理屈抜きの恋

「それ…なんですか?」

「何だと思う?」

「ば、爆弾ではないでしょうか?時限装置とか。音はしますか?」

「はぁ?」

絶対に爆弾ではないと思うけど、真面目に疑っている彼女を見ると笑える。

「その発想はどこから来るんだよ。」

「だって、差出人不明。書類にしては重そう。贈り物をするには時期的におかしい。総合的に判断すれば爆弾の可能性を否定出来ません。副社長、誰かに恨みでも?あ!女関係?!小柄な女性って言っていましたよ?」

どれだけ俺はふしだらな男だと思われているんだ。
初めて会った時のホストの姿が今もまだ焼き付いているとか?

「俺は彼女を作った事なんてない。」

「あ、そうなんですか。

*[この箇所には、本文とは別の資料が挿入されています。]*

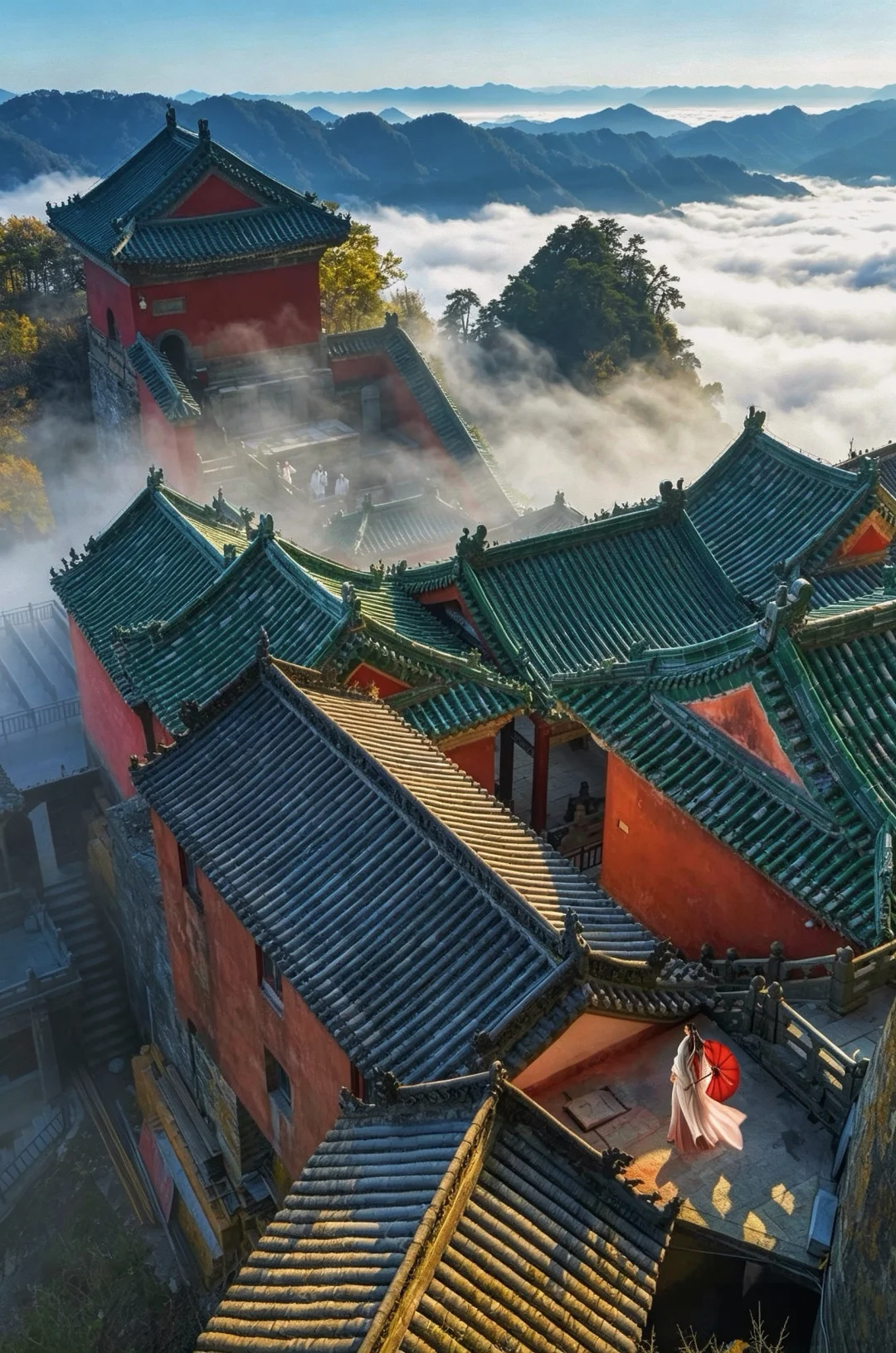 武当山真的好仙啊！秋季打卡附出片攻略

そしたらこれ、なんの恨みの品ですかね?」

俺の女性関係には興味ないのかよっ!
そう突っ込みたかったけど、なんか自分で話を振るのも虚しいし、目の前にある差出人不明の贈り物をそのままにしておくのが気持ち悪くて、さっさと処理してしまおうと手を伸ばす。

すると彼女は見たいような見たくないような感じで俺の周りをうろちょろし始めた。